ACTION ITEM: Output exactly those lines of the data that lie between the line containing "Outsunny 5 Piece" and the final line, both ends counted.

RECORDS FOR THIS EXERCISE:

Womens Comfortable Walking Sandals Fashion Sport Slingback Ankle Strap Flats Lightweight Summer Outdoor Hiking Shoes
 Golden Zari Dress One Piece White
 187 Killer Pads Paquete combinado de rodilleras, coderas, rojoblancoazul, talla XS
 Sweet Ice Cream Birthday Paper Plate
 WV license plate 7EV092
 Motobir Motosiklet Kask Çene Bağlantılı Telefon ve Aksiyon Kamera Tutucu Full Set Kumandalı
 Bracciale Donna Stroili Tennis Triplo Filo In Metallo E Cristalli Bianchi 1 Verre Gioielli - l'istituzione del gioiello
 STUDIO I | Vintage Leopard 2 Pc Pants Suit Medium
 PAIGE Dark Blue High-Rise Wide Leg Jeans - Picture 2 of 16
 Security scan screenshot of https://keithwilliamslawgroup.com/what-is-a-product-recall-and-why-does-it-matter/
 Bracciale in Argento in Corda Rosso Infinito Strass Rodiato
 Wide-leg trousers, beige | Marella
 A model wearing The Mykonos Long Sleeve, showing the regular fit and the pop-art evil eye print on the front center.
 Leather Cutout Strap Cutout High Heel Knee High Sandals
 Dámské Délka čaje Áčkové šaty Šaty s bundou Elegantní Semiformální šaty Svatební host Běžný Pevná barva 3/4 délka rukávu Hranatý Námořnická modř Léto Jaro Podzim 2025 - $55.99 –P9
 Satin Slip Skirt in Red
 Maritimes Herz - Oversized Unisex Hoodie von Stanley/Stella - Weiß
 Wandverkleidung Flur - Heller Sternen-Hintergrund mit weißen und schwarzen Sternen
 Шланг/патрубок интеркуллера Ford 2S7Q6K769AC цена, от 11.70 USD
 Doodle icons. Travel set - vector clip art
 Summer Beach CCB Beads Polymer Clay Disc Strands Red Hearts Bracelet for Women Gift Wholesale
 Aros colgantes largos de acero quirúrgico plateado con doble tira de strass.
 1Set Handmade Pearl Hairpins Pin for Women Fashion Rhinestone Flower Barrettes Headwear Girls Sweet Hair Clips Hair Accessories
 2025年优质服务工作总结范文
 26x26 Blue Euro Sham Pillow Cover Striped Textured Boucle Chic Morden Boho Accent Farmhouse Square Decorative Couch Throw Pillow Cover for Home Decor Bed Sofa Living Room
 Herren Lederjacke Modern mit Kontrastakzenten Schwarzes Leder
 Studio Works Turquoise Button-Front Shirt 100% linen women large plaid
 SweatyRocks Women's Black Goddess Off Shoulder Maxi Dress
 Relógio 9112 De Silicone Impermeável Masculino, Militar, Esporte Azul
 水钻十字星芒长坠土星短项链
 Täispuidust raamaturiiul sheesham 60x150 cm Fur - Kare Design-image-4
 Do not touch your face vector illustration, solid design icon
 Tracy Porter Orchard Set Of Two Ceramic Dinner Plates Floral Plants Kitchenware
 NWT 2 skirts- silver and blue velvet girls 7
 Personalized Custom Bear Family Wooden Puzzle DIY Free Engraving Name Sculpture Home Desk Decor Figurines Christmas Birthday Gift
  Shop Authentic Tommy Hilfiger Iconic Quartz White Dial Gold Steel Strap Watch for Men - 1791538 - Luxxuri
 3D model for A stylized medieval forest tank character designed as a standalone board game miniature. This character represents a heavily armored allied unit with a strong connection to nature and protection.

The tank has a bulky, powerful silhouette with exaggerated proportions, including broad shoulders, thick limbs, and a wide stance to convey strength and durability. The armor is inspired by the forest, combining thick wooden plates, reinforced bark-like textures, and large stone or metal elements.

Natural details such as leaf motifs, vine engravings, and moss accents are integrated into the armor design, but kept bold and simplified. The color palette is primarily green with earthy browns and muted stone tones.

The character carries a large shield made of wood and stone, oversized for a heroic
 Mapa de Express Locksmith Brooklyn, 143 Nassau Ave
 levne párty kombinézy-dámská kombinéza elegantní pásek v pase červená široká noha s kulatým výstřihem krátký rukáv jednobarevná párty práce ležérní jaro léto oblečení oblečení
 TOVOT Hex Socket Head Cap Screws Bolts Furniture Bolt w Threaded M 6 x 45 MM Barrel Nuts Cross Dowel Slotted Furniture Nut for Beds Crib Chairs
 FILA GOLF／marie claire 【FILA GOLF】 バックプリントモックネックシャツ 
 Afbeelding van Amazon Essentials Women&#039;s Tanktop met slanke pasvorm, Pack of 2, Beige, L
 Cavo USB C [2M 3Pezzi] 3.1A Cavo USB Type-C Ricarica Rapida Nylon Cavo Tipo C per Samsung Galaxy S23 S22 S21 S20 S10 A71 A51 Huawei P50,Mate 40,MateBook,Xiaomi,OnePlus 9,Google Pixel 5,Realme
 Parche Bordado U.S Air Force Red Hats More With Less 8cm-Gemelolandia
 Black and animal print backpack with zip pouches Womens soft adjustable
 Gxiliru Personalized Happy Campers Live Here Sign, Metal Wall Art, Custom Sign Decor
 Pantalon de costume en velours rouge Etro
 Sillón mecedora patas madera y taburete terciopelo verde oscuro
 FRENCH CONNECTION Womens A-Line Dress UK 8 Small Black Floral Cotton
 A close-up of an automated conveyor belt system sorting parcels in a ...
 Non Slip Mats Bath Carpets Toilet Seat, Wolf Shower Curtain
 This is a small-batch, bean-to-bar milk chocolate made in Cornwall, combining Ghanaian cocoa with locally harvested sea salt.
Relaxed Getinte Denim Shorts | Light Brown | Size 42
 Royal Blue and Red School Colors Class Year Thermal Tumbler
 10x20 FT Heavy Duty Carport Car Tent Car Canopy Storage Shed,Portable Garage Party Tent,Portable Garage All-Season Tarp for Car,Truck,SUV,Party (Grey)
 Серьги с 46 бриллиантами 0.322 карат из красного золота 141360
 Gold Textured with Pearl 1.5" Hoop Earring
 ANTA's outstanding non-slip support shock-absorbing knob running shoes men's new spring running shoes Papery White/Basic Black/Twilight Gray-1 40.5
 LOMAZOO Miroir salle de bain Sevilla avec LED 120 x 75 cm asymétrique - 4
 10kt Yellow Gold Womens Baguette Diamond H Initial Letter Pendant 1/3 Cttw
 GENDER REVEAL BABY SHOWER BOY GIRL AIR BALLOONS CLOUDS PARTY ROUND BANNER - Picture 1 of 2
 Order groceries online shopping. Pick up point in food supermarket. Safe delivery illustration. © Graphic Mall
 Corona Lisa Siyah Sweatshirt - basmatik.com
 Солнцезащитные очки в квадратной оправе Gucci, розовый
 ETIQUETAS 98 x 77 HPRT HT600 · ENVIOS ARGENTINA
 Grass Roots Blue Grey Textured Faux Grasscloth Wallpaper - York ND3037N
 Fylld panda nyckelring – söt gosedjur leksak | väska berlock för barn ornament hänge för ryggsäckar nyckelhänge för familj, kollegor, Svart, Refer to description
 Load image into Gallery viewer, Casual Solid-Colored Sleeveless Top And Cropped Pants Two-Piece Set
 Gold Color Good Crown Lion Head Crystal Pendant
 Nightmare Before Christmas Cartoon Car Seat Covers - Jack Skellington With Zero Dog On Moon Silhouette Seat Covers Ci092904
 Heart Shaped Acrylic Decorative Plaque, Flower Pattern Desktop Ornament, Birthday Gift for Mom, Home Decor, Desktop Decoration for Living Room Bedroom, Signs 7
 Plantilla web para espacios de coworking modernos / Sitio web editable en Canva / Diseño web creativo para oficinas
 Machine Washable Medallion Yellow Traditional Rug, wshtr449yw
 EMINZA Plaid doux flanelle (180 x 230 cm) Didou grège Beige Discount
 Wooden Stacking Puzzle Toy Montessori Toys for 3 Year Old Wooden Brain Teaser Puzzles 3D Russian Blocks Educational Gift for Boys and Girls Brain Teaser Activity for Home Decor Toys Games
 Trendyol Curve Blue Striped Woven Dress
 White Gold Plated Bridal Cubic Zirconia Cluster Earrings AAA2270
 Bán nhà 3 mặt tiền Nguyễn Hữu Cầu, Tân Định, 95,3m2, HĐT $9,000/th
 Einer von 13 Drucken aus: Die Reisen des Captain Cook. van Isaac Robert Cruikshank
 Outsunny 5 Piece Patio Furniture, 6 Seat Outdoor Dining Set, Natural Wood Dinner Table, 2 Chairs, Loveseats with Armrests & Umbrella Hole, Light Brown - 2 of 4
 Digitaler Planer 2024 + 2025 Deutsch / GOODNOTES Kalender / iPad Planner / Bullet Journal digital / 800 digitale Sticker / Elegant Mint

SOLUTION FOR THIS TASK:
 Outsunny 5 Piece Patio Furniture, 6 Seat Outdoor Dining Set, Natural Wood Dinner Table, 2 Chairs, Loveseats with Armrests & Umbrella Hole, Light Brown - 2 of 4
 Digitaler Planer 2024 + 2025 Deutsch / GOODNOTES Kalender / iPad Planner / Bullet Journal digital / 800 digitale Sticker / Elegant Mint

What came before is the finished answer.